### Exercise objective
Using the records below, filter out every line that lacks "feminino" and copy the rest.

━━━ Data in this exercise ━━━

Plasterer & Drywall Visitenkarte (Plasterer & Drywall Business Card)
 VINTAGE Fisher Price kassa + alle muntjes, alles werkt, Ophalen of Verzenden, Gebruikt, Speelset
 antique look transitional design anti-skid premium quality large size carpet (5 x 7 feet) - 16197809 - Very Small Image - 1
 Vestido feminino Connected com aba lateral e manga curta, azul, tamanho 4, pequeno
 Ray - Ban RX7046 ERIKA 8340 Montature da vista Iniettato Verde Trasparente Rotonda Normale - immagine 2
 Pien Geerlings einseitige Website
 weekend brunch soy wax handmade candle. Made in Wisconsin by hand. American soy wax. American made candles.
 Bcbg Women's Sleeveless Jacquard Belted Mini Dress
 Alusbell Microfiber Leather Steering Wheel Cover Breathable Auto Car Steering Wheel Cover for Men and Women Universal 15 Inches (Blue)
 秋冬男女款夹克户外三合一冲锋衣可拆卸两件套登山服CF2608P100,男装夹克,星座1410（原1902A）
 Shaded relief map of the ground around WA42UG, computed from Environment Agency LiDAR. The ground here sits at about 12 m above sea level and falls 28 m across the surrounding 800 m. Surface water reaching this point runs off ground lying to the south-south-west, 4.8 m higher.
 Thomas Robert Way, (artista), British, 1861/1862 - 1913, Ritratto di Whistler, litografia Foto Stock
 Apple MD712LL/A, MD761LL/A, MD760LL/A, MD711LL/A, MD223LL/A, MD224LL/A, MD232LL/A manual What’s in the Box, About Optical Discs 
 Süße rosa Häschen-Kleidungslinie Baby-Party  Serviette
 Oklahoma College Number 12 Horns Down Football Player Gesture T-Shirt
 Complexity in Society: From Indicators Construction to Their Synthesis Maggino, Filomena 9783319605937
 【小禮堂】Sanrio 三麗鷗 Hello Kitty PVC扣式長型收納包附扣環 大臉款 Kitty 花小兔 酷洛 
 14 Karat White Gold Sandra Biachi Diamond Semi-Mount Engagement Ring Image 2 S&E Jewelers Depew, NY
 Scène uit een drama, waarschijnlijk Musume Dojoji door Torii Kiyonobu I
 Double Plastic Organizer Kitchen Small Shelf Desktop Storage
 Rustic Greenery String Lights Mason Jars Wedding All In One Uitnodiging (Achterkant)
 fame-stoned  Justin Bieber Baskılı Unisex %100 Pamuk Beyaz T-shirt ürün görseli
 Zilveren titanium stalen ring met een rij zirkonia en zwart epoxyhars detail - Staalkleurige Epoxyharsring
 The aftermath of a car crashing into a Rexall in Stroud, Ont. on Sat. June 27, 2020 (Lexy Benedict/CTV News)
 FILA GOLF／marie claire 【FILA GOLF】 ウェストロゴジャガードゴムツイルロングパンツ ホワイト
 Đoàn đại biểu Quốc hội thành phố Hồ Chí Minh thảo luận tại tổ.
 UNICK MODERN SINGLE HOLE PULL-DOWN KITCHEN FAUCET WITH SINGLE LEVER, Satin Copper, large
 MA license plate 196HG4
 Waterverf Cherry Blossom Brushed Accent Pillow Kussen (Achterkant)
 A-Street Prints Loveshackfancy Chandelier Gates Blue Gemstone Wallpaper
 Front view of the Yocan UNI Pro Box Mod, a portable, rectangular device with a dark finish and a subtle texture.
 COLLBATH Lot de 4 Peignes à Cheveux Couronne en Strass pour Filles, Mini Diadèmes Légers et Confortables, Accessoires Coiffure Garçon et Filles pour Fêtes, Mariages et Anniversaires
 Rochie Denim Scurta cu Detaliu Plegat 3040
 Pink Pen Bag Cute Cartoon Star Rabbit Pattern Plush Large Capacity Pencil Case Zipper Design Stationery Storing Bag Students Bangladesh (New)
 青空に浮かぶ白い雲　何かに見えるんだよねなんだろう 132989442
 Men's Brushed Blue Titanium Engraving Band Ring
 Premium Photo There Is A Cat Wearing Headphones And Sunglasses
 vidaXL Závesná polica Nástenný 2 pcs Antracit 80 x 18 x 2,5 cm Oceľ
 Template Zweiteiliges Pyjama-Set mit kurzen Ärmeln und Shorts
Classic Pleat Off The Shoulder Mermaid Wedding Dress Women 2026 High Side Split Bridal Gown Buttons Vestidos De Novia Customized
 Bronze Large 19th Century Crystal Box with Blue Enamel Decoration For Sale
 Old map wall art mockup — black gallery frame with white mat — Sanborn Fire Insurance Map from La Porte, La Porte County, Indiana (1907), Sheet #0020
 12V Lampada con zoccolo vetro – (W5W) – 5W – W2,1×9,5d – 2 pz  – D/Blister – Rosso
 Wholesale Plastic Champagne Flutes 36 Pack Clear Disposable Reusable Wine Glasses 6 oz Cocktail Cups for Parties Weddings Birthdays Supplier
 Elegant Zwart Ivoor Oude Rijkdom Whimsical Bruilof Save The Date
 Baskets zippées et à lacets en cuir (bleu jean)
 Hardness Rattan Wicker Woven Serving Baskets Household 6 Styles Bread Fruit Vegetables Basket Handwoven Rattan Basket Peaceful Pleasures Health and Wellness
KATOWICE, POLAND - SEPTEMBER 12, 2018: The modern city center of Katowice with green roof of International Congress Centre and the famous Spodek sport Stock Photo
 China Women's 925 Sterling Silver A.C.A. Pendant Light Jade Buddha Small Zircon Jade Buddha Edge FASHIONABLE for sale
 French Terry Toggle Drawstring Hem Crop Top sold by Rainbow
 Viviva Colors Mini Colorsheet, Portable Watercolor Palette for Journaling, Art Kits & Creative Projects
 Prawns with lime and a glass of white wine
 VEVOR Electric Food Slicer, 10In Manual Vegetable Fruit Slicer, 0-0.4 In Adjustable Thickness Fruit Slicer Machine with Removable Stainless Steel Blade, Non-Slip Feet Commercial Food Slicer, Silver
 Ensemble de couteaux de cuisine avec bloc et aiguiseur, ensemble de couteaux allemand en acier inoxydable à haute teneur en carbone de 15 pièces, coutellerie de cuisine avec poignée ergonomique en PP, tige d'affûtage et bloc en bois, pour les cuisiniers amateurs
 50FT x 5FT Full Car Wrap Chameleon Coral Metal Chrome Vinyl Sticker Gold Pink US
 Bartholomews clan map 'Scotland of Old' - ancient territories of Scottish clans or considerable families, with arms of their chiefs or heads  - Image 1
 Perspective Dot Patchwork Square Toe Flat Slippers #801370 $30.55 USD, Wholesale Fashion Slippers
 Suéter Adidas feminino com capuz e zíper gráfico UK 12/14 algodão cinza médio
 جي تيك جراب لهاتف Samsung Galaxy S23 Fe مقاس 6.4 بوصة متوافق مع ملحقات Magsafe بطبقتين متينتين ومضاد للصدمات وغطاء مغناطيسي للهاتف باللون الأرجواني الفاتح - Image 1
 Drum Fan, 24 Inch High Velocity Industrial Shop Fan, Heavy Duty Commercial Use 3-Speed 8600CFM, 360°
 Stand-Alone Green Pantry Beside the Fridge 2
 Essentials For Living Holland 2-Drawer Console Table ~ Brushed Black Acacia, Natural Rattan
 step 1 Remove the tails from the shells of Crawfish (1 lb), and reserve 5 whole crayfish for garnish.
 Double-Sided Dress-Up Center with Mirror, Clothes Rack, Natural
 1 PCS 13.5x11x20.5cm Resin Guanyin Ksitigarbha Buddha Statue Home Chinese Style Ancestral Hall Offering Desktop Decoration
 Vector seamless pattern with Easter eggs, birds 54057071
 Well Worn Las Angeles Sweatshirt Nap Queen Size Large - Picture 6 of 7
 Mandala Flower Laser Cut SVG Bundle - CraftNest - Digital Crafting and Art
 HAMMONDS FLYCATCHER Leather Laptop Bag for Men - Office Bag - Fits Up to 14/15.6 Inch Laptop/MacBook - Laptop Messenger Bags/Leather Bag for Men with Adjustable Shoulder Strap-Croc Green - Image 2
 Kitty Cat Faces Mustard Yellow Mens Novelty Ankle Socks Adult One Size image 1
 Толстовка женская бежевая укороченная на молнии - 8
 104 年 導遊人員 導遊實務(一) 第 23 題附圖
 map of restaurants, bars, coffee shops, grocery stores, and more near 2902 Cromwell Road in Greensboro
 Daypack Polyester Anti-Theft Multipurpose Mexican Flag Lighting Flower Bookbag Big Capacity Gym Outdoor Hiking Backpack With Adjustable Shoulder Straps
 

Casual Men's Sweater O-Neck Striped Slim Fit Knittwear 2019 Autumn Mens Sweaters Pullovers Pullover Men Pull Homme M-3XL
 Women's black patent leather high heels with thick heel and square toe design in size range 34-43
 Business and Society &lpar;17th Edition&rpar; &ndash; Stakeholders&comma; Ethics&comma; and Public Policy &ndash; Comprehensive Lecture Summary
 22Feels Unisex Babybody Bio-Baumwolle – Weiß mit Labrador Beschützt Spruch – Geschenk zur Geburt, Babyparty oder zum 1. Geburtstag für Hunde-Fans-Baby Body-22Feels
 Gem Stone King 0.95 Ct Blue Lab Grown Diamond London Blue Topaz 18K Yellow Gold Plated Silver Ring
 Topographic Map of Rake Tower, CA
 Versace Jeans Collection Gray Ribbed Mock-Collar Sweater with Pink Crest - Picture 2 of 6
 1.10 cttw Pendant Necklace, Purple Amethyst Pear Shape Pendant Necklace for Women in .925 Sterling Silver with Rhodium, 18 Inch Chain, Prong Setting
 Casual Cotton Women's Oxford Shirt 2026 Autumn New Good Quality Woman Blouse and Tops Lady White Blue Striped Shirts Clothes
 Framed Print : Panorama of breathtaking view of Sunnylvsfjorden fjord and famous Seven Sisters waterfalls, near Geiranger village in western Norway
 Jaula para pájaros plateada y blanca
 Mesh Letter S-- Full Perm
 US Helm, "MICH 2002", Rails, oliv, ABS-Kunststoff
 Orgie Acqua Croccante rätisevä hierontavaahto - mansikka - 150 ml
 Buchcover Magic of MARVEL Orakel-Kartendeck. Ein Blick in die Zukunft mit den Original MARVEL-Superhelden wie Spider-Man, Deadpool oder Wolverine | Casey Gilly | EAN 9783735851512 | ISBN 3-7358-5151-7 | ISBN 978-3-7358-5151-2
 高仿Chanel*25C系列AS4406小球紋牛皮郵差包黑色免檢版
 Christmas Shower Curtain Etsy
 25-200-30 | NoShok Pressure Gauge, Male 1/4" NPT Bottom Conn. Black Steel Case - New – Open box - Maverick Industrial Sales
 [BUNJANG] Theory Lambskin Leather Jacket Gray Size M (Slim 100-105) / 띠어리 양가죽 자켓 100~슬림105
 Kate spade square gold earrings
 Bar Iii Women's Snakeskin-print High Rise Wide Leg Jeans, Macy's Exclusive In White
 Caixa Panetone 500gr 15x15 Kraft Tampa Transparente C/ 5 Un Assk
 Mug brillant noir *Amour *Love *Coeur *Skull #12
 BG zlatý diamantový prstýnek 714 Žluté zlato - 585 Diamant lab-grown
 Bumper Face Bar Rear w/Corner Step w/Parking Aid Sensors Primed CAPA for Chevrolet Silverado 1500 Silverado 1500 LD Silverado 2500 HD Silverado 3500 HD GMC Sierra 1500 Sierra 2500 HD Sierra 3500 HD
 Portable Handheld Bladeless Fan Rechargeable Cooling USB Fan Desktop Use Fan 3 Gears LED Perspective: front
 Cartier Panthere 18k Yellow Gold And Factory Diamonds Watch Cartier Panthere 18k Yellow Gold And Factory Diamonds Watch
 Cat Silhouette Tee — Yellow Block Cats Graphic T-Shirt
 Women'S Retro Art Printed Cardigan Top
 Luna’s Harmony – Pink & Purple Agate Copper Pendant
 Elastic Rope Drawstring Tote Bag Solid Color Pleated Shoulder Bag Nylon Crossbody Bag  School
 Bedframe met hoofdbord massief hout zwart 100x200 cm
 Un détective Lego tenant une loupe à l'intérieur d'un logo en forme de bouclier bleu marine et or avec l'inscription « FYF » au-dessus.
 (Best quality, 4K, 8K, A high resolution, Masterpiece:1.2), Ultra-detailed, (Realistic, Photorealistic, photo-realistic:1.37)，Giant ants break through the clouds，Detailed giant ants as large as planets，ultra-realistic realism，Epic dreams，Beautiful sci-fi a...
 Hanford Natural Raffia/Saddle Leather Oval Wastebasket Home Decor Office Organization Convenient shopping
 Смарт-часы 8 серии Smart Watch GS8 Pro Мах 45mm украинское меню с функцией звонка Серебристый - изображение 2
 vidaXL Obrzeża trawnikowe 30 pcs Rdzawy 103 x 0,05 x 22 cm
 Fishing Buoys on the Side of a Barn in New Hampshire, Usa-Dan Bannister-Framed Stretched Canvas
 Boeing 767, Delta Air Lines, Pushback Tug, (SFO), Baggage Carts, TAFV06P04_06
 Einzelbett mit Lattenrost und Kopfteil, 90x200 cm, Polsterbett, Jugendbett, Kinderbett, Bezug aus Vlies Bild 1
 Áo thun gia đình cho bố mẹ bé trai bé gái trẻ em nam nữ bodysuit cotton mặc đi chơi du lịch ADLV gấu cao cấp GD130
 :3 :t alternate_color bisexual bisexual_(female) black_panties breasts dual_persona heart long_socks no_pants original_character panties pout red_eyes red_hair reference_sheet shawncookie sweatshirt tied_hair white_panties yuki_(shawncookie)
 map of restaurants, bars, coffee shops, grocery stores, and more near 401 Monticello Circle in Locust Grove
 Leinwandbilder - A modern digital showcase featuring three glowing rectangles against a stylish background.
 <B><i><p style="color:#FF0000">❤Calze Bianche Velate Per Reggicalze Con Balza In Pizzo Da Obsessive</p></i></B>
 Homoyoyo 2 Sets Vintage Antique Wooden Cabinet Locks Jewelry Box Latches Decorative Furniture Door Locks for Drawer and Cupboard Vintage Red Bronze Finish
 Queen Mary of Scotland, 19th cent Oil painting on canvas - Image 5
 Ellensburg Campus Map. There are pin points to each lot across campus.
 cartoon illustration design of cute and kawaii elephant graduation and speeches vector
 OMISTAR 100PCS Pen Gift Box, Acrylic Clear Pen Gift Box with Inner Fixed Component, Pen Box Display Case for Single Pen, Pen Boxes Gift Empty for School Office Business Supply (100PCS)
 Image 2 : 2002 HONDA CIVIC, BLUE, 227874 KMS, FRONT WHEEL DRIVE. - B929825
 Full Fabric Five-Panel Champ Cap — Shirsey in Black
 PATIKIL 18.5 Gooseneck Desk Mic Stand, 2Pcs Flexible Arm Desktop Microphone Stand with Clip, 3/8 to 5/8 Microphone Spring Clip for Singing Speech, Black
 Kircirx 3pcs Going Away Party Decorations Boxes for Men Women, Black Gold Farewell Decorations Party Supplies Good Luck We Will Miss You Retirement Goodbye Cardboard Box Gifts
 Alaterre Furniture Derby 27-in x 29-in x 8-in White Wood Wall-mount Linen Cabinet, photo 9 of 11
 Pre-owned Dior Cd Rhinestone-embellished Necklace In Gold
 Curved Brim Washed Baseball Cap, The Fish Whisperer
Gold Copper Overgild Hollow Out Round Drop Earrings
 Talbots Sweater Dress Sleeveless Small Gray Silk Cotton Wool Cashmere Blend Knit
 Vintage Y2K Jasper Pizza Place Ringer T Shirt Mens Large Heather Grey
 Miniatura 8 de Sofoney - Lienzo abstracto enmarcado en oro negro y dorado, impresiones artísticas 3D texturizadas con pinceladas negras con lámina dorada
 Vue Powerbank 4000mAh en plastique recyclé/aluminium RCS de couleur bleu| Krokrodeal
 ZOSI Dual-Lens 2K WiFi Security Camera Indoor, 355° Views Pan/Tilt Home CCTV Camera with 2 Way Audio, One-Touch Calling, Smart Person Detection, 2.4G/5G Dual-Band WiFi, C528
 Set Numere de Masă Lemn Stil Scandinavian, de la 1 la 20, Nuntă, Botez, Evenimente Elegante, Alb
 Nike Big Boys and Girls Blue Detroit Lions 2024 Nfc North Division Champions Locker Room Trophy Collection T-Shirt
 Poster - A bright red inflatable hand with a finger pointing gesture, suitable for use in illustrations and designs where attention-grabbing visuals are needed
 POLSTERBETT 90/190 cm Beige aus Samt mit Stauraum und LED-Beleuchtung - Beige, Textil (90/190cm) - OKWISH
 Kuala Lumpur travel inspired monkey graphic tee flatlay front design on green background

━━━

### Response area
 Vestido feminino Connected com aba lateral e manga curta, azul, tamanho 4, pequeno
 Suéter Adidas feminino com capuz e zíper gráfico UK 12/14 algodão cinza médio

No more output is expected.